- Problem to work on -
Please give the data again in full, exactly as provided.

- Input for this task -
*-*-*

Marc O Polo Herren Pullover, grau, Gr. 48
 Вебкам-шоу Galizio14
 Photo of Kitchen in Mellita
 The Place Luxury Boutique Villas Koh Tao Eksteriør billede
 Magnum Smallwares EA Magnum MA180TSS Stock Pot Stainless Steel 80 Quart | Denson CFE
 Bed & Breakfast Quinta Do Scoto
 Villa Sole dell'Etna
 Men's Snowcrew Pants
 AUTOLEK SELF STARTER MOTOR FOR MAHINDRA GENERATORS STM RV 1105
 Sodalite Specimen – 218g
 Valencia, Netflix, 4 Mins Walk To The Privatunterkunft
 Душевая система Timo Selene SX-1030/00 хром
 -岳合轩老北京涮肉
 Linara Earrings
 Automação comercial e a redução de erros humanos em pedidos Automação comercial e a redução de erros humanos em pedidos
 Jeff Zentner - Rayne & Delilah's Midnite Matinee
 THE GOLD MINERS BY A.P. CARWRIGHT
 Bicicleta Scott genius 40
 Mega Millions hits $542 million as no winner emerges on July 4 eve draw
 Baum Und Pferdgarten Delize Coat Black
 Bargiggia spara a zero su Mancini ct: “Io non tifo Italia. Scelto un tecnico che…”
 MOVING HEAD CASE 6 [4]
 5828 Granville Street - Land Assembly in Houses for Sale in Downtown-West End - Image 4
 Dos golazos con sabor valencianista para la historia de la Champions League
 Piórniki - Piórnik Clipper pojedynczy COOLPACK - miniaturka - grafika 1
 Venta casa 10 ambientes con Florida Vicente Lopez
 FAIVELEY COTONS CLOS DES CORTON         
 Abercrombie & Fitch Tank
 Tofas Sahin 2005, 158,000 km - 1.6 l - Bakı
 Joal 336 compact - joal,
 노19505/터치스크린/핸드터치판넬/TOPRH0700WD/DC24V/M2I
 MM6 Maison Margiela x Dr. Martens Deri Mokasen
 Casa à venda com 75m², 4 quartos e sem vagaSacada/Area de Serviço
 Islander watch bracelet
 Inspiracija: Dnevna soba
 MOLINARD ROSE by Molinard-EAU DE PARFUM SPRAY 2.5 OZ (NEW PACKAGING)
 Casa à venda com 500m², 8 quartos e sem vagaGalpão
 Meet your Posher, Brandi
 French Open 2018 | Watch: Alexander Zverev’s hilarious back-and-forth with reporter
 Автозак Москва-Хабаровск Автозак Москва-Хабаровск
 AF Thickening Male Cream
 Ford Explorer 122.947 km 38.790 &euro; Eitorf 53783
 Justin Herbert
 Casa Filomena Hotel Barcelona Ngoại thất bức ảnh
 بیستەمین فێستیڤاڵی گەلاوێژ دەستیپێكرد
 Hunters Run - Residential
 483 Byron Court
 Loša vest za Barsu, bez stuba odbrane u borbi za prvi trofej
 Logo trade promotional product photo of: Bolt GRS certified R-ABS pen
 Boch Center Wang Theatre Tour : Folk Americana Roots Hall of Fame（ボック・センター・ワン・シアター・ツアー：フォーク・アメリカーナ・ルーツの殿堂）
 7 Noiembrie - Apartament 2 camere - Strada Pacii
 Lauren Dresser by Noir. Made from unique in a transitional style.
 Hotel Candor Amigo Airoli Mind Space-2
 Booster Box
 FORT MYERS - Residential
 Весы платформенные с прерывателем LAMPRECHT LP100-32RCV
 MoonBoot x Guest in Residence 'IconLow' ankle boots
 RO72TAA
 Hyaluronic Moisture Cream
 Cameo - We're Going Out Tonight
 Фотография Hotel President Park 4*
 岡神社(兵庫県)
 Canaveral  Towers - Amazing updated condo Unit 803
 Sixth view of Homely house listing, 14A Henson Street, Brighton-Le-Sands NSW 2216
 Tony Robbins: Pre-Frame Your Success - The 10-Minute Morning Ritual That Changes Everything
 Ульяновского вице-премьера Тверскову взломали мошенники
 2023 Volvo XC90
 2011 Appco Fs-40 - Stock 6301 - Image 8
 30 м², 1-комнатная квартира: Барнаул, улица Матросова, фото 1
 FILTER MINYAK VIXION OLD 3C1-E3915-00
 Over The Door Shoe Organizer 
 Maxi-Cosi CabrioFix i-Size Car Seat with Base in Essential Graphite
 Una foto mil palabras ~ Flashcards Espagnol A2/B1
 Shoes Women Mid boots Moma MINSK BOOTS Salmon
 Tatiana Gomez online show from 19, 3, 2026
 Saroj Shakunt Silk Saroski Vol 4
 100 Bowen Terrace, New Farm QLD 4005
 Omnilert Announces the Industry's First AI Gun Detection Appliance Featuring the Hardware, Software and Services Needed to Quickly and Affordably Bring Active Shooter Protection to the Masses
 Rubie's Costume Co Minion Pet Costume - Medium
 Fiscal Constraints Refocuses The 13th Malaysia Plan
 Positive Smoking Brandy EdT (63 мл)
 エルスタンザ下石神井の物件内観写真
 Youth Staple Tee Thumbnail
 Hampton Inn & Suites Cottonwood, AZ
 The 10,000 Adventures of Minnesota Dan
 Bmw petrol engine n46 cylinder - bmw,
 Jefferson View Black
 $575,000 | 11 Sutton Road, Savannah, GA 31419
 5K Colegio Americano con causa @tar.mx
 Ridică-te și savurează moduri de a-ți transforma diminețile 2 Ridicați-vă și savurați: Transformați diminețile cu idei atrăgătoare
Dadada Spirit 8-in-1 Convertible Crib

*-*-*

- Task solution -
Marc O Polo Herren Pullover, grau, Gr. 48
 Вебкам-шоу Galizio14
 Photo of Kitchen in Mellita
 The Place Luxury Boutique Villas Koh Tao Eksteriør billede
 Magnum Smallwares EA Magnum MA180TSS Stock Pot Stainless Steel 80 Quart | Denson CFE
 Bed & Breakfast Quinta Do Scoto
 Villa Sole dell'Etna
 Men's Snowcrew Pants
 AUTOLEK SELF STARTER MOTOR FOR MAHINDRA GENERATORS STM RV 1105
 Sodalite Specimen – 218g
 Valencia, Netflix, 4 Mins Walk To The Privatunterkunft
 Душевая система Timo Selene SX-1030/00 хром
 -岳合轩老北京涮肉
 Linara Earrings
 Automação comercial e a redução de erros humanos em pedidos Automação comercial e a redução de erros humanos em pedidos
 Jeff Zentner - Rayne & Delilah's Midnite Matinee
 THE GOLD MINERS BY A.P. CARWRIGHT
 Bicicleta Scott genius 40
 Mega Millions hits $542 million as no winner emerges on July 4 eve draw
 Baum Und Pferdgarten Delize Coat Black
 Bargiggia spara a zero su Mancini ct: “Io non tifo Italia. Scelto un tecnico che…”
 MOVING HEAD CASE 6 [4]
 5828 Granville Street - Land Assembly in Houses for Sale in Downtown-West End - Image 4
 Dos golazos con sabor valencianista para la historia de la Champions League
 Piórniki - Piórnik Clipper pojedynczy COOLPACK - miniaturka - grafika 1
 Venta casa 10 ambientes con Florida Vicente Lopez
 FAIVELEY COTONS CLOS DES CORTON         
 Abercrombie & Fitch Tank
 Tofas Sahin 2005, 158,000 km - 1.6 l - Bakı
 Joal 336 compact - joal,
 노19505/터치스크린/핸드터치판넬/TOPRH0700WD/DC24V/M2I
 MM6 Maison Margiela x Dr. Martens Deri Mokasen
 Casa à venda com 75m², 4 quartos e sem vagaSacada/Area de Serviço
 Islander watch bracelet
 Inspiracija: Dnevna soba
 MOLINARD ROSE by Molinard-EAU DE PARFUM SPRAY 2.5 OZ (NEW PACKAGING)
 Casa à venda com 500m², 8 quartos e sem vagaGalpão
 Meet your Posher, Brandi
 French Open 2018 | Watch: Alexander Zverev’s hilarious back-and-forth with reporter
 Автозак Москва-Хабаровск Автозак Москва-Хабаровск
 AF Thickening Male Cream
 Ford Explorer 122.947 km 38.790 &euro; Eitorf 53783
 Justin Herbert
 Casa Filomena Hotel Barcelona Ngoại thất bức ảnh
 بیستەمین فێستیڤاڵی گەلاوێژ دەستیپێكرد
 Hunters Run - Residential
 483 Byron Court
 Loša vest za Barsu, bez stuba odbrane u borbi za prvi trofej
 Logo trade promotional product photo of: Bolt GRS certified R-ABS pen
 Boch Center Wang Theatre Tour : Folk Americana Roots Hall of Fame（ボック・センター・ワン・シアター・ツアー：フォーク・アメリカーナ・ルーツの殿堂）
 7 Noiembrie - Apartament 2 camere - Strada Pacii
 Lauren Dresser by Noir. Made from unique in a transitional style.
 Hotel Candor Amigo Airoli Mind Space-2
 Booster Box
 FORT MYERS - Residential
 Весы платформенные с прерывателем LAMPRECHT LP100-32RCV
 MoonBoot x Guest in Residence 'IconLow' ankle boots
 RO72TAA
 Hyaluronic Moisture Cream
 Cameo - We're Going Out Tonight
 Фотография Hotel President Park 4*
 岡神社(兵庫県)
 Canaveral  Towers - Amazing updated condo Unit 803
 Sixth view of Homely house listing, 14A Henson Street, Brighton-Le-Sands NSW 2216
 Tony Robbins: Pre-Frame Your Success - The 10-Minute Morning Ritual That Changes Everything
 Ульяновского вице-премьера Тверскову взломали мошенники
 2023 Volvo XC90
 2011 Appco Fs-40 - Stock 6301 - Image 8
 30 м², 1-комнатная квартира: Барнаул, улица Матросова, фото 1
 FILTER MINYAK VIXION OLD 3C1-E3915-00
 Over The Door Shoe Organizer 
 Maxi-Cosi CabrioFix i-Size Car Seat with Base in Essential Graphite
 Una foto mil palabras ~ Flashcards Espagnol A2/B1
 Shoes Women Mid boots Moma MINSK BOOTS Salmon
 Tatiana Gomez online show from 19, 3, 2026
 Saroj Shakunt Silk Saroski Vol 4
 100 Bowen Terrace, New Farm QLD 4005
 Omnilert Announces the Industry's First AI Gun Detection Appliance Featuring the Hardware, Software and Services Needed to Quickly and Affordably Bring Active Shooter Protection to the Masses
 Rubie's Costume Co Minion Pet Costume - Medium
 Fiscal Constraints Refocuses The 13th Malaysia Plan
 Positive Smoking Brandy EdT (63 мл)
 エルスタンザ下石神井の物件内観写真
 Youth Staple Tee Thumbnail
 Hampton Inn & Suites Cottonwood, AZ
 The 10,000 Adventures of Minnesota Dan
 Bmw petrol engine n46 cylinder - bmw,
 Jefferson View Black
 $575,000 | 11 Sutton Road, Savannah, GA 31419
 5K Colegio Americano con causa @tar.mx
 Ridică-te și savurează moduri de a-ți transforma diminețile 2 Ridicați-vă și savurați: Transformați diminețile cu idei atrăgătoare
Dadada Spirit 8-in-1 Convertible Crib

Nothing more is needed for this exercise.